= John Wesley Hillman =

Discoverer of Crater Lake

Photograph of plaque honoring John Wesley Hillman's discovery of Crater Lake in Oregon.

John Wesley Hillman (March 29, 1832 – March 19, 1915) was an American prospector during the California Gold Rush and explorer who was among the first European Americans to see Crater Lake in the U.S. state of Oregon.

== Biography ==
Hillman was born in Albany, New York. In 1848, at the age of 16, he moved with his family to New Orleans, Louisiana. Not long after relocating to New Orleans, Hillman accompanied his father on an expedition to California during the Gold Rush in April 1849, and stayed out west when his father returned to the east. On June 12, 1853, John Wesley Hillman was reportedly the first European American to see what he named "Deep Blue Lake" in Oregon. The lake was subsequently renamed Crater Lake. Hillman shattered a knee in 1855 during the Rogue River Wars and returned east a few years later, settling to a farming life in Baton Rouge, Louisiana.

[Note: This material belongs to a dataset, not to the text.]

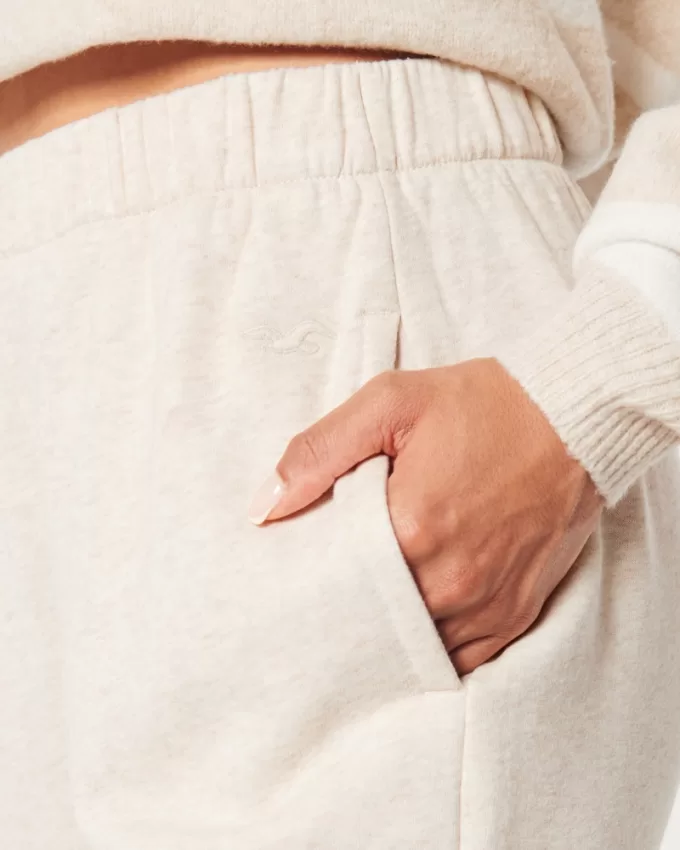 Hollister Feel Good Fleece Dad Joggers,Hollister Feel Good Fleece Dad Joggers Hollister Feel Good Fleece Dad Joggers,Hollister Feel Good Fleece Dad Joggers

Hillman's first marriage, in April 1866, was to his cousin Elizabeth Hillman (July 24, 1843 – June 1873). He had one daughter by this marriage who died as a child in 1874. His second marriage, in Orleans parish on July 25, 1875, was to Rosalie Frye (October 11, 1854 – May 4, 1928). By his second marriage he had four recorded children of whom two - one son and one daughter - survived to adulthood.

He died in Hope Villa, Ascension Parish, Louisiana on March 19, 1915.

Hillman is the namesake of Hillman Peak in Crater Lake National Park.